To give you a bit of background, imagine a customer on a Power5 system running V5R4 looking at moving to a Power8. They’ve been on the IBM platform for years and modernisation isn’t a term they like (once they were on the power8 we had to set QSPCENV so they could continue using some S36 code!)
They did however take the opportunity to move from security level 20 to 30, so it’s not all bad news. In a mostly unrelated project, we even managed to set most users to LMTCPB(*YES) and thus take command line away.
The main thing that caught my interest was yet to come, further down the line I was asked to investigate a spreadsheet package one of their staff had put together. The staff member in question had long since departed and they needed someone to understand and troubleshoot it. I was vaguely aware that it used ODBC to pull data from the Power8 and that there was a library built daily with a set of data extracts for it to use.
What I found was that, while the data extracts were still used, the staff member had also done a bit of poking around and identified the live versions of the files and was using those in conjunction with the extracts.
There was a short discussion that can be summarised as:
Managers: “Who said he could do that, who told him how to do that?”
Me: “Did anyone make sure he couldn’t?”
Although the system had gone to security level 30 (and thus *ALLOBJ had been removed from a lot of profiles) the general permissions on most libraries/files were still very public permissive, meaning that even if it was after the move that the staff member had decided to poke around they could’ve still accessed the live data files with relative ease and Google giving them hints on how to find it.
As it happens, I was discussing this with my boss on the way back from my first i-ug-uk event. He stole a minute of time from some dodgy bloke, Steve Bradshaw, who apparently knows a lot about these servers 😉 his suggestion was to investigate Exit Points.
I’m not going to cover these in detail, as there’s an excellent article on PowerWire from last year by Graham Street explaining them. In summary then these are IBM defined points that various types of access and tasks will pass through, by default there’s nothing on most of them but you can add programs to capture data and to validate access.

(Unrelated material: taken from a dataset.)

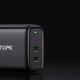 Ładowarka Topk Szybka Ładowarka sieciowa 2 x USB C PD 40W 4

One solution here would be to buy a package to slap over the exit points, going back to the introduction to this article Helpsystems are a good example of this and poking around the subject led me into many discussions with their staff around security. To begin with however I have a specific challenge I want to look at, hence the duct tape and string coming out to cobble something together.
Fortunately there’s a lot of useful information on the IBM site around the parameters and which exit points you should be looking at, in my case, I went with QIBM_QZDA_SQL1 and QIBM_QZDA_SQL2 to get what I wanted. Even better I found someone else who had already written a program that would serve as a framework for what I wanted to do, always find code you can re-use rather than writing your own!
I’d love to give credit and link to the original program, but the website seems to be slightly broken at time of writing. In the hopes it one-day resurfaces, link here:
The program would block any update/insert statements and record all statements, regardless of type, to a PF for later review. In my case I didn’t want to block insert/update at this stage, I needed to gather data on what was happening first, so I ripped out some logic and put together the below instead (please excuse the H/D/F specs, hadn’t started using a modern source editor at the time!)
So in essence, ODBCAUDIT will give me the type of function, the actual request string, and who ran it when.
Thankfully I found that although the user was pulling from live files, there were no updates/inserts going back the other way (of course whether or not the member of staff might’ve done that before they left I don’t know, but whoever was still using the spreadsheet package wasn’t.) It also tagged a couple of other similar processes running that we didn’t have proper visibility of.
I suppose in summary, and the main thing I’d want people to take away from this, is that you shouldn’t make assumptions as to access. Yes in this case the user was authorised to use ODBC, and given some files to point to, but nobody had checked to tie down that access and make sure only these files were accessed. I don’t assume bad intent on the users part here, they probably thought it was more efficient/useful to get live data than a once a day dump, but it could’ve easily gone wrong.